Basic economics always prevail. As prices fall, demand increases. They eventually fall to a point where demand begins to surge. This surge places a bottom on the drop in values. In the lower ranges, prices have bottomed (and in some really hot areas are actually increasing).

The current OC real estate is essentially made up of three very different real estate markets: MARKET 1: the below $1 million market. A vast majority of the market is below $1 million. This market represents 77% of the active listing inventory and 93% of current demand. The expected market time for homes priced below $1 million is 2.5 months, a seller’s market with multiple offers that fetch sales above their asking prices. This is especially true below $750,000. This market is sizzling.
• MARKET 2: between $1 million and $1.5 million. This market represents 8% of the current active inventory and 4% of current demand. The expected market time is 5.73 months, which is just about at equilibrium. This market is all about price. Sellers that overprice their homes will sit. Buyers can afford to be more patient, but distressed properties that are priced well are snapped up quickly. This market is tepid.
• MARKET 3: homes priced above $1.5 million. This market represents 15% of the current active inventory, yet only 3% of demand. The expected market time is 18 months. Anything above 10 months is virtually at a standstill, a deep buyer’s market. This market is frozen.”

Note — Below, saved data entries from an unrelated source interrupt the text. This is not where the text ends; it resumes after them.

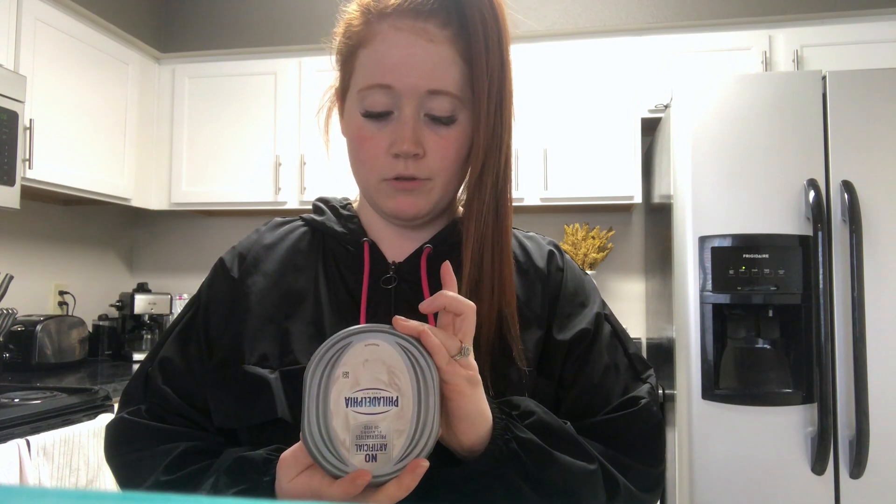I'm just going to call it crack chicken because that's what I've heard it called. You literally need chicken, cream cheese — I'm using the reduced fat whipped kind — one packet of ranch salad dressing seasoning, and one packet of taco mix. I'm just going to put the chicken in the crock pot, put in the whole cream cheese and both packets, and put it on low. I'll put all the details at the end.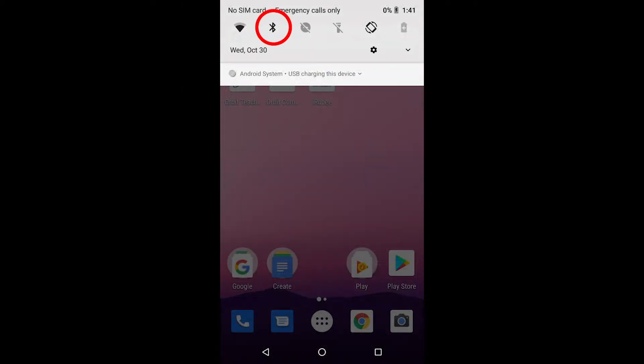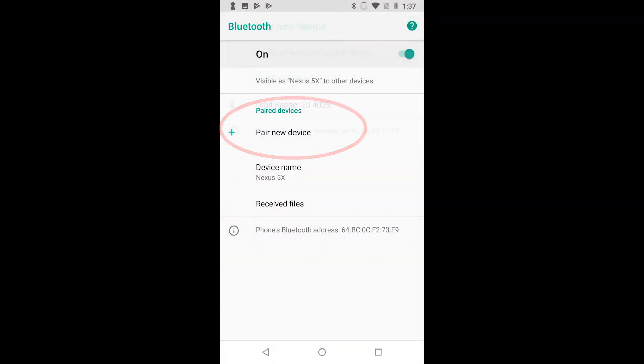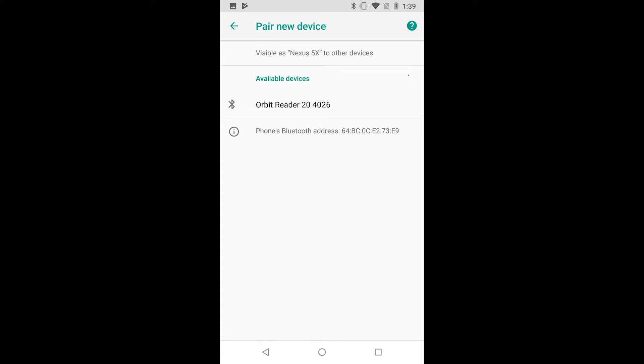On your Android device, turn on Bluetooth. Search for the device to pair with, and then once the Orbit Reader 20 serial number appears, select it and pair.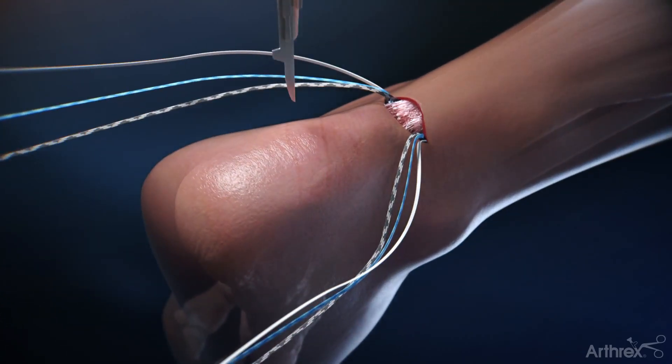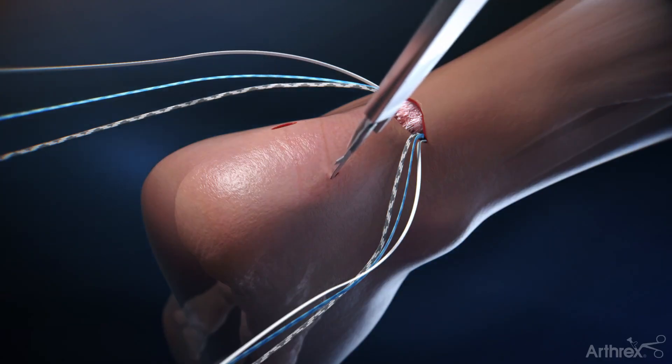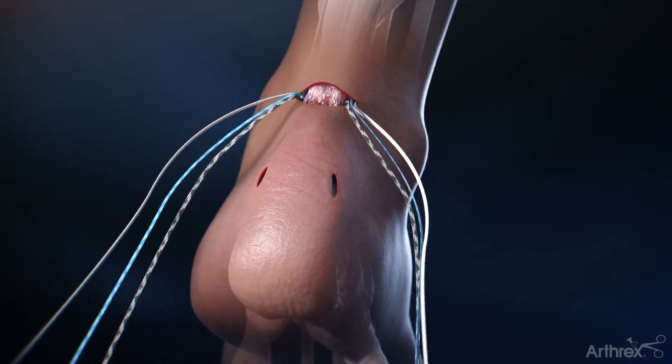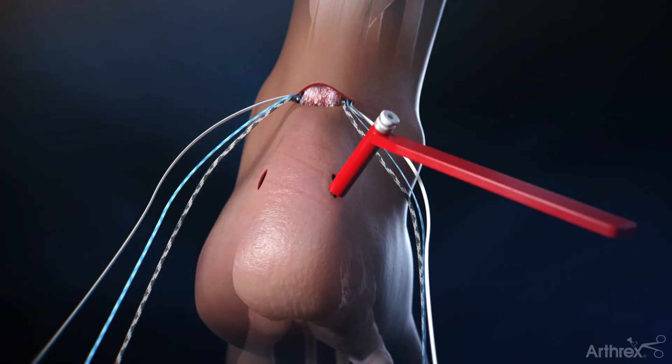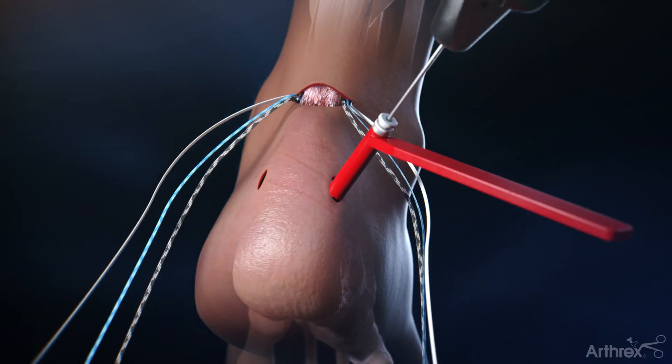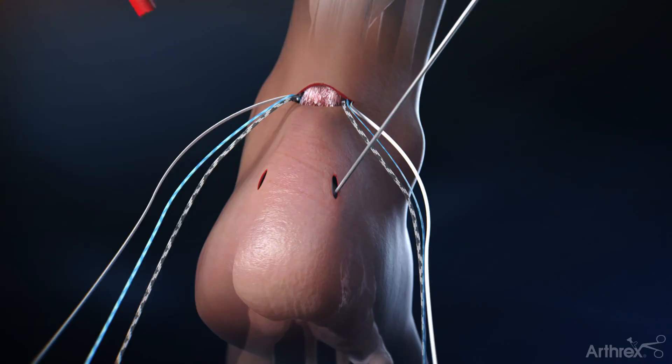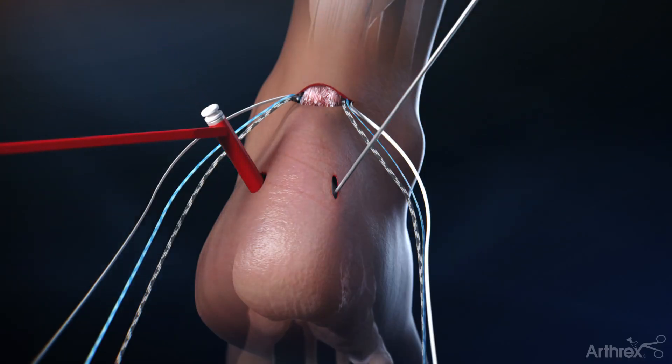Two stab incisions are made one centimeter below the superior aspect of the posterior calcaneal tuberosity, medial and lateral to the Achilles tendon. Within these two stab incisions, insert the guide wire utilizing the drill guide with the white centering sleeve at 45 degrees from the center line of the Achilles in the coronal plane and 45 degrees from posterior to anterior in the sagittal plane.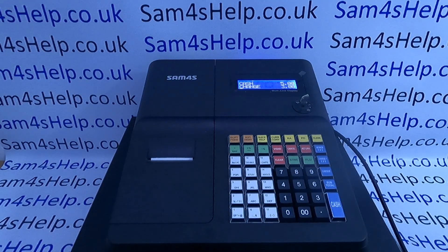Today's short video from SAM4S Help takes a quick look at the most probable cause of a till receipt not automatically printing out on your SAM4S ER260BEJ register.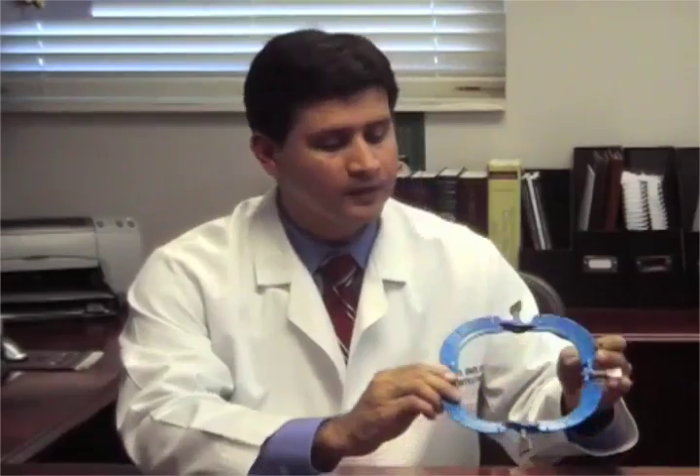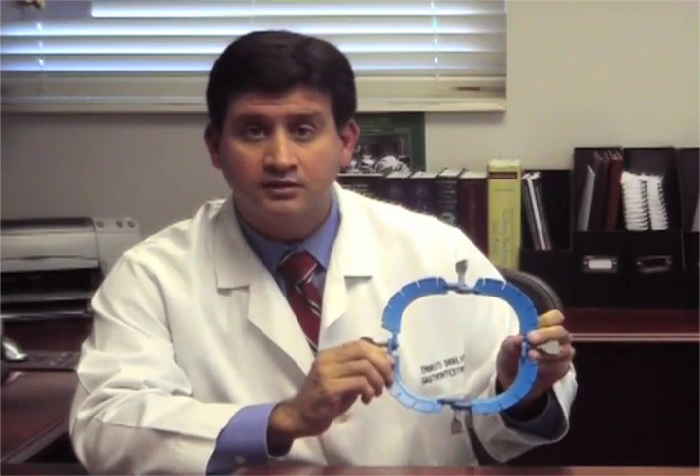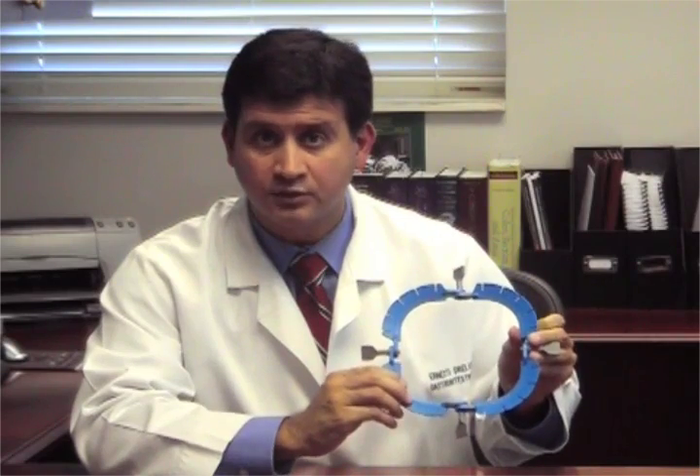For colorectal surgery, I like to use the model 3307. This is also known as the square model. I like it because it fits nicely in the perineum. It completely surrounds the anal canal and then allows for circumferential retraction.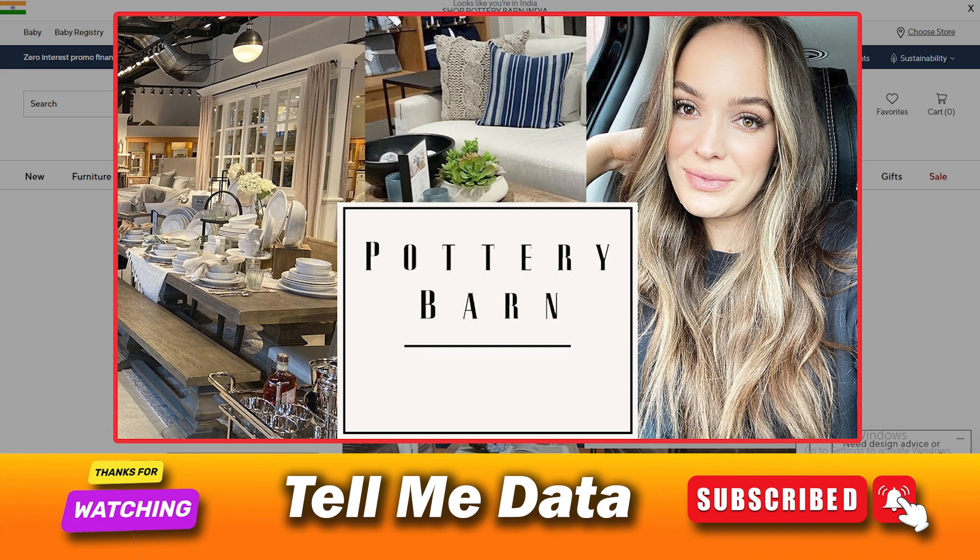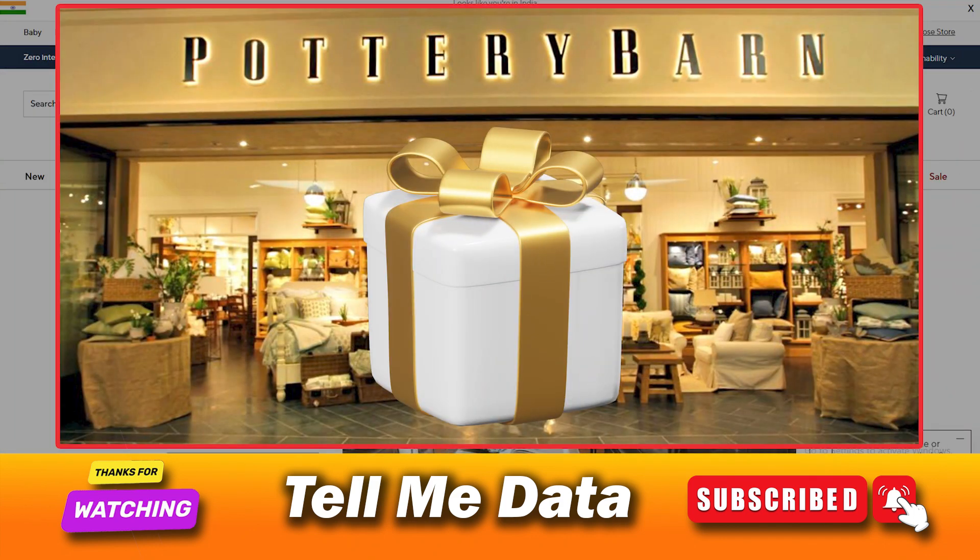Method 3: Return in-store. It is easy to return your Pottery Barn non-furniture orders in-store, and that too for free. You will be required to bring your gift or original receipt to complete the return. Tell the store representative that you want to return your order and give them the package with your receipt. Follow the steps they provide and you are done.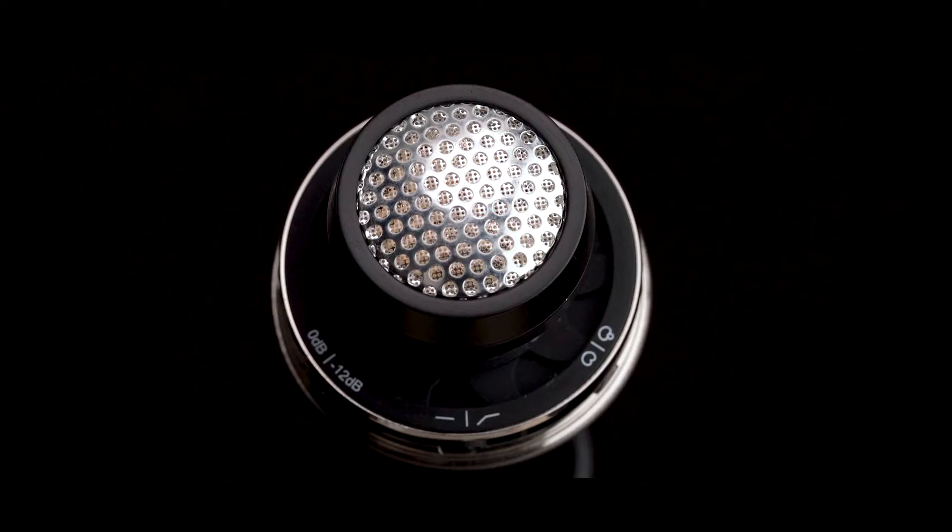To provide outstanding clarity, the MTBW 950 uses a 1-inch true condenser capsule that is specifically designed to minimize bleed and feedback.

In this article series we report on the numbers for Orange County in total. Real estate is very local and any buying or selling decisions should be based on the circumstances of the specific neighborhood involved. This series is intended to provide information about the general countywide trends in supply and demand.

All of the real estate data in this article is from a report published by Steven Thomas of Altera Real Estate.

This report appears in www.OC180NEWS.com every other Monday, alternating with our biweekly West Orange County Business and Jobs report.